The correct expression for the delta time in going from one system to the other is delta t = [delta t' ][(1-(v/c)^2]^1/2, and as you know that is what is published in all text(s)
 
  • #53
yogi said:
Tom - the x that is referred to in the temporal equation when you take the difference is always the same spatial location

No, it isn't. I subtracted the time measurements for t1' and t2', which contain x1 and x2, respectively. They don't involve the same spatial location.

- if it isn't you are mixing apples and oranges - different x values in the other frame will have different temporal coordinates - in formulating the temporal interval transform we are always talking about a single spatial location in the other frame.

No, it isn't mixing apples and oranges.
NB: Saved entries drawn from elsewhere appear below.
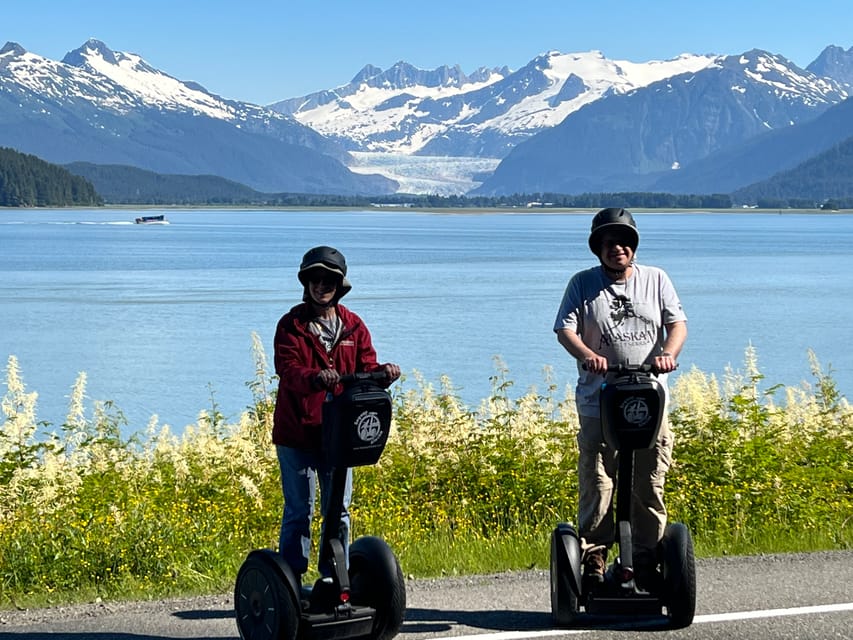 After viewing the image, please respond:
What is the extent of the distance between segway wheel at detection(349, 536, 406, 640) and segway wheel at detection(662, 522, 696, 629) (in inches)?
61.6

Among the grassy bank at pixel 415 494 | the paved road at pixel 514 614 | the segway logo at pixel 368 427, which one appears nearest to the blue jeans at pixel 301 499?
the segway logo at pixel 368 427

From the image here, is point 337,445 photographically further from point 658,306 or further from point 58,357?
point 58,357

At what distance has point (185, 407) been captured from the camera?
31.7 meters

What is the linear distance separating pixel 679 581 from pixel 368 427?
82.4 inches

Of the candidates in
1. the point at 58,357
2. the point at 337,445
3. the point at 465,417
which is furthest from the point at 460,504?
the point at 58,357

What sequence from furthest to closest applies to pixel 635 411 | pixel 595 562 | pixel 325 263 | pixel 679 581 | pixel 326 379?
1. pixel 595 562
2. pixel 679 581
3. pixel 635 411
4. pixel 325 263
5. pixel 326 379

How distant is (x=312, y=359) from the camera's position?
740cm

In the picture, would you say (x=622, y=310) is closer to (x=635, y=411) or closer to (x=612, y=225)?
(x=612, y=225)

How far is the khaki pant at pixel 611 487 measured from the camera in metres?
7.89

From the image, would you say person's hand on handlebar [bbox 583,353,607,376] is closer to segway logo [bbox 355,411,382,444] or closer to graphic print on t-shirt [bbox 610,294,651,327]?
graphic print on t-shirt [bbox 610,294,651,327]

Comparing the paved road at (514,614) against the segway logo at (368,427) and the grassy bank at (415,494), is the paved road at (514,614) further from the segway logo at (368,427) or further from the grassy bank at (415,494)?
the segway logo at (368,427)

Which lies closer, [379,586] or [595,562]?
[379,586]

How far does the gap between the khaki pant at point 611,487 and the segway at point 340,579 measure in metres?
1.36

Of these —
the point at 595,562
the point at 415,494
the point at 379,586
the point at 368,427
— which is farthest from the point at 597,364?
the point at 415,494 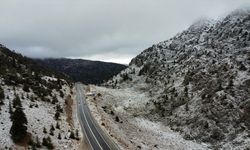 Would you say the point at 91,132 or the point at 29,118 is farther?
the point at 91,132

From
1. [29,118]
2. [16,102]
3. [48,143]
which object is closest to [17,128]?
[48,143]

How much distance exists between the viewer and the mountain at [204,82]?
56.1 metres

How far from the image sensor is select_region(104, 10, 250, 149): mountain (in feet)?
184

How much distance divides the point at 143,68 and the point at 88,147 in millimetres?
78965

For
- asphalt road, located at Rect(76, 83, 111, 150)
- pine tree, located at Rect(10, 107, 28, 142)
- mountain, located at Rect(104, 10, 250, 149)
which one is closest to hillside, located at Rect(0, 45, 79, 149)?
pine tree, located at Rect(10, 107, 28, 142)

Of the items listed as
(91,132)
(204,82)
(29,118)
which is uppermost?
(204,82)

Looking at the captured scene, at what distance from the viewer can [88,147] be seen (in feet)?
139

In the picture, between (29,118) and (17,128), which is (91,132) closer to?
(29,118)

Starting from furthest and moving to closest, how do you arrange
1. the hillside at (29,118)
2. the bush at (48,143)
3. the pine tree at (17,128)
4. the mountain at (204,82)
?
the mountain at (204,82) → the bush at (48,143) → the hillside at (29,118) → the pine tree at (17,128)

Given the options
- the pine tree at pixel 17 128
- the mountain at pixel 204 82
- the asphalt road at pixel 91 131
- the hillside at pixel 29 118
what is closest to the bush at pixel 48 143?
the hillside at pixel 29 118

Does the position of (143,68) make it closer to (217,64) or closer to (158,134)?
(217,64)

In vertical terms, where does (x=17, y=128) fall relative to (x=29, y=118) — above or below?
below

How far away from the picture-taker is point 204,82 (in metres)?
73.9

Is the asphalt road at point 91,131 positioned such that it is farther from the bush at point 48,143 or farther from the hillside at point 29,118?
the bush at point 48,143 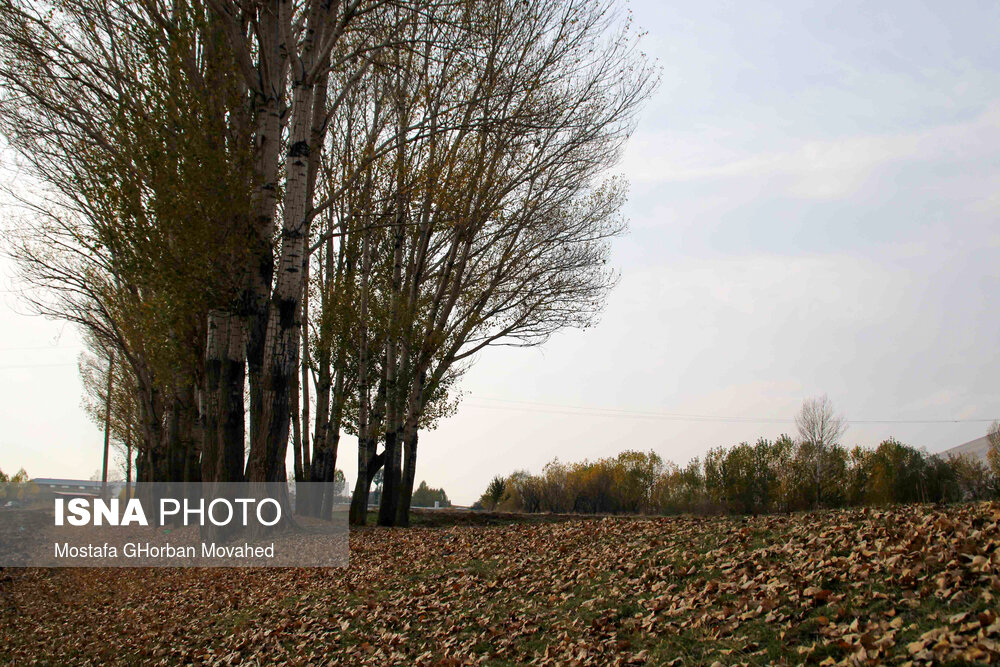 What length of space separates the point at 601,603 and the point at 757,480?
46296mm

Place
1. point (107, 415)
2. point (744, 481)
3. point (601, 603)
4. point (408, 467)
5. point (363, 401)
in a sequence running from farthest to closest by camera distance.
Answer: point (744, 481) → point (107, 415) → point (408, 467) → point (363, 401) → point (601, 603)

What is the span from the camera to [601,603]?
763 centimetres

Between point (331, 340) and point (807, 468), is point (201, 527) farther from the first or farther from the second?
point (807, 468)

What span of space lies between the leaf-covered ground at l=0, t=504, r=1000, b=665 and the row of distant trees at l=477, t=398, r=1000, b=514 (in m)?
24.9

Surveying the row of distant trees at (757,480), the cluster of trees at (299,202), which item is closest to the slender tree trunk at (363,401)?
the cluster of trees at (299,202)

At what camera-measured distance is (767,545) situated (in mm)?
8281

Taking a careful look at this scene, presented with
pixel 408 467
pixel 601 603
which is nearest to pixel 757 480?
pixel 408 467

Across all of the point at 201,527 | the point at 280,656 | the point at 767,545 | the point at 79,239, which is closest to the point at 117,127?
the point at 79,239

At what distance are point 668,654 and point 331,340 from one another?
671 inches

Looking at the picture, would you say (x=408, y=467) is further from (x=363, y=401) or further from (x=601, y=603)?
(x=601, y=603)

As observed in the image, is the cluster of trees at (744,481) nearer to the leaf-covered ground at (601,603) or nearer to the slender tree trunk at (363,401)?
the slender tree trunk at (363,401)

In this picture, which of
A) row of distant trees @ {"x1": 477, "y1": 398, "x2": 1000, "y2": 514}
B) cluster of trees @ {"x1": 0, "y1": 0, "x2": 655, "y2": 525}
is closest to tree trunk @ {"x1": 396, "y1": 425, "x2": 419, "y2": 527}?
cluster of trees @ {"x1": 0, "y1": 0, "x2": 655, "y2": 525}

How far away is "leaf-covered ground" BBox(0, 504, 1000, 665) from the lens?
18.2ft

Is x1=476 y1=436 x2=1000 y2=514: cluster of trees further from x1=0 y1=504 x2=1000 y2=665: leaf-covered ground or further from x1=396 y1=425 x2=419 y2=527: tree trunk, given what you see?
x1=0 y1=504 x2=1000 y2=665: leaf-covered ground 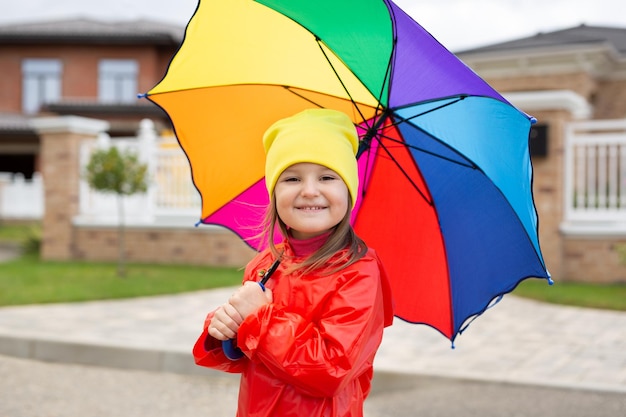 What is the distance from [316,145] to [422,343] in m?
4.99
In SR, "mixing apples and oranges" would be taking measurements from two different reference frames to construct an interval. For instance, if I took t2'-t1, I wouldn't get anything meaningful. But as it is, there is nothing wrong with calculating a duration t2'-t1', and using the LT to relate it to the the spatiotemporal intervals in another frame, even when Δx is not zero.

The correct expression for the delta time in going from one system to the other is delta t = [delta t' ][(1-(v/c)^2]^1/2, and as you know that is what is published in all text(s)

That is what is published in all the texts under the assumption that x1=x2. It isn't valid here, because that condition doesn't hold.

IMO, you need to study relativity in more depth. Take any text that refers to the time dilation formula above. If you turn the page and read it, you will find that they also derive the velocity addition formula by the very same analysis I have presented here[/color].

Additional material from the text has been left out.